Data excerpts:
◆ ◆ ◆ ◆ ◆ ◆ ◆

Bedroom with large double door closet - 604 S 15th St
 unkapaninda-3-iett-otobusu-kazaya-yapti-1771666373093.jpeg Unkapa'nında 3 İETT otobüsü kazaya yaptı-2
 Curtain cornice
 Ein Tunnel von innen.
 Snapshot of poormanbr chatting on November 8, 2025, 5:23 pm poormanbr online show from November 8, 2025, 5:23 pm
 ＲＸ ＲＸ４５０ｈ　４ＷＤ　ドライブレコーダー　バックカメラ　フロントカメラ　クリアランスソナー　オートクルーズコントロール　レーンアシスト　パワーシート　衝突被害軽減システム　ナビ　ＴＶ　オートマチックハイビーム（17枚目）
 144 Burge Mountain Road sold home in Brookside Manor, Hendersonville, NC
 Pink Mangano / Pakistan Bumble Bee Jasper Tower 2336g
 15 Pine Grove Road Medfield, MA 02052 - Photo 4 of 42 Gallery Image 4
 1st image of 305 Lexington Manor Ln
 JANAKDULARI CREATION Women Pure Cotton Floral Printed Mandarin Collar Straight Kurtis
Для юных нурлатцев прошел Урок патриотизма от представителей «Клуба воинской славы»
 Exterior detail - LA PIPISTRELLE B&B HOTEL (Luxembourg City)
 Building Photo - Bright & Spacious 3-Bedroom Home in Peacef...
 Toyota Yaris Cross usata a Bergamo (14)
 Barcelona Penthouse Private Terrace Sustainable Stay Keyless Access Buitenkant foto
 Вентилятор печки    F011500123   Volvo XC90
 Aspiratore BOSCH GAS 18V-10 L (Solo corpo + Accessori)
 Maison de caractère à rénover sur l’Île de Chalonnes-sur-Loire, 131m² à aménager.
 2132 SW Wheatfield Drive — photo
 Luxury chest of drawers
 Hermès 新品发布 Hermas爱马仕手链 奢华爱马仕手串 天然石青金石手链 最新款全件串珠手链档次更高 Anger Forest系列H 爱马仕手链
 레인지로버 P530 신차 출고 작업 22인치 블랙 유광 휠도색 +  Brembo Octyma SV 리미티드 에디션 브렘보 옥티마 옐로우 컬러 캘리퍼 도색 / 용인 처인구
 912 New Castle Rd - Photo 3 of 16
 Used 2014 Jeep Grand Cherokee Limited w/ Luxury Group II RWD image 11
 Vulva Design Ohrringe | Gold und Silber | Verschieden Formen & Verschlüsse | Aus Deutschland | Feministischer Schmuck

◆ ◆ ◆ ◆ ◆ ◆ ◆

EXERCISE GOAL: The only acceptable answer is a number: how many lines in the data above hold the word "Bedroom".

WRITTEN SOLUTION: 2